▶ _COLLECTED MATERIAL_
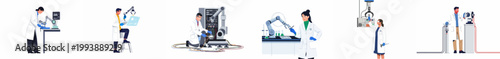 Illustration set of diverse scientists and engineers working with robotic arms, laboratory equipment, and advanced technology in a modern research facility.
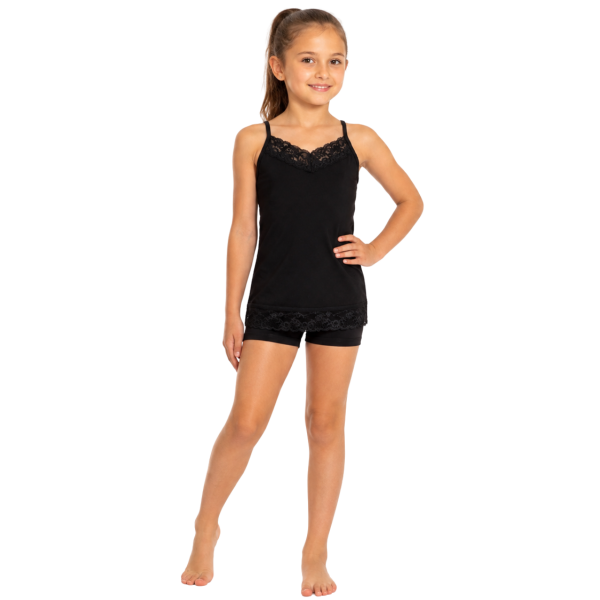 Lace Trim Tank – Black 2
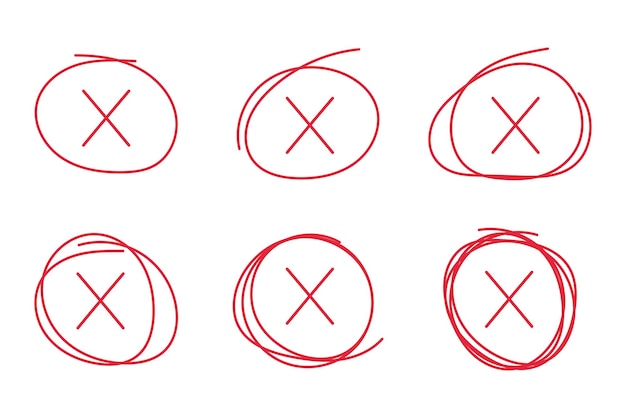 Six red scribble circle crosses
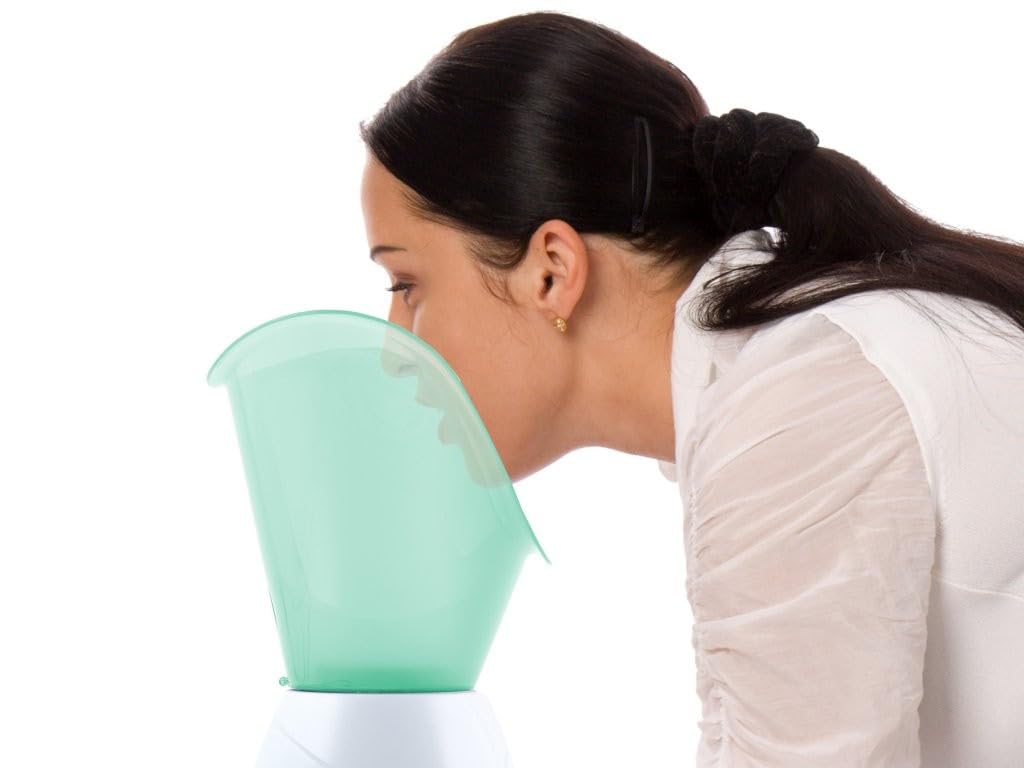 BEPER 40.967N Gesichtssauna und Aromatherapie mit 2 Stufen, Heil- und Entspannungsbehandlungen, Feuchtigkeitsversorgung und Gesichtsreinigung, parfümierter weiß / grüner Tank für Essenzen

▶ _WORK REQUIRED_
Pictures are to be excluded; all other material must be transcribed exactly.

▶ _WRITTEN RESPONSE_
 Illustration set of diverse scientists and engineers working with robotic arms, laboratory equipment, and advanced technology in a modern research facility.
 Lace Trim Tank – Black 2
 Six red scribble circle crosses
 BEPER 40.967N Gesichtssauna und Aromatherapie mit 2 Stufen, Heil- und Entspannungsbehandlungen, Feuchtigkeitsversorgung und Gesichtsreinigung, parfümierter weiß / grüner Tank für Essenzen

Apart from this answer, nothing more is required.